Scientists have devised a new approach that balances attractions between particles and promises to become a useful tool to create designer materials that can repair damage. The discovery of a cross point between temperature-dependent interactions between particles — not previously thought possible — opens the doors for more nimble synthesis.
The research is described in "Re-entrant Solidification in Polymer-Colloid Mixtures as a Consequence of Competing Entropic and Enthalpic Attractions," published in the journal Nature Materials, by Lang Feng, Bezia Laderman, Stefano Sacanna, and Paul Chaikin.
The crosspoint exploits the temperature-dependent behavior (solubility and adsorption) of a polymer. Researchers discovered that a liquid polymer-colloid mixture on cooling and heating forms different solid phases reversibly. These solids are formed by two distinct pathways: (1) at low temperature, pressure from collisions with the surrounding non-adsorbing polymer forms a colloidal crystal, and (2) at high temperature, the polymer sticks (adsorbs) to particles, forming a random aggregate.
This research opens a new pathway to stimuli-responsive self-assembled structures. Using the crosspoint pathway, it may now be possible to: (1) thermally control viscoelastic properties, (2) heal defects that occur during assembly, (3) more controllably sequester and release objects, and (4) exert fine control over inter-particle interactions for sequential assembly of two- and three-dimensional materials with precisely organized optical and mechanical functions.
A new approach that balances attractions between particles promises to become a useful tool to fine-tune self-assembly and add functionality, such as error correction during assembly and damage repair.
Previous polymer-directed routes for particle self-assembly were in stark contrast to biological systems that can form, reconfigure, and repair complex assemblies within cells by balancing assembly and disassembly processes. In this research, understanding of the pathways for both assembly and disassembly was developed. The transformative aspect is the identification by researchers at New York University of a crossing point between the two pathways for a polymer-colloid mixture previously thought impossible; the crossing point mimics the biological assembly-disassembly capability.
Adsorption properties of polymers change with temperature. At low temperature, colloidal crystals are formed due to pressure from collisions with surrounding non-adsorbing polymer. Actually, the colloids are squeezed together to increase the volume available to the non-adsorbing polymer. This mechanism for forming colloidal crystals was well known, but what was observed next was quite surprising. On heating, the colloidal crystal melted to form a liquid polymer-colloid mixture.

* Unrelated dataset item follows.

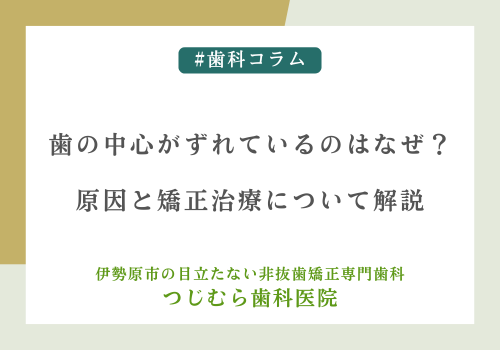 歯の中心がずれているのはなぜ？原因と矯正治療について解説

Beyond this point, the solubility of the polymer decreased as the temperature increased; eventually, the polymer was able to weakly stick (adsorb) to the particles, creating bridges that solidify the liquid to a random aggregate gel.
At the crossover point between colloidal crystal deformation and gel formation, these new attractions (so-called enthalpic attraction, in thermodynamic terminology) completely balance the forces exerted by the volume available to the polymer from the particles being squeezed together (so-called entropic attraction). The crossing point depends on the change in solubility of the non-adsorbing polymer, resulting in a liquid-to-solid transition on cooling and heating. Most importantly, this process is thermally reversible at each stage of assembly and disassembly, which could allow entry into and out of the particles. As a result, it may be possible to heal defects in assembled structures, and to fabricate two- and three-dimensional materials with desired optical and mechanical properties.
The general nature of these interactions suggests that they can be applied over a broad range of self-assembly approaches, such as the DNA-directed assembly of particle networks, to stimuli-responsive functional materials.
Funding for this research was provided by the U.S. Department of Energy, Office of Science, Basic Energy Sciences, the National Science Foundation Materials Research Science and Engineering Centers Program, and NASA grant NNX08AK04G.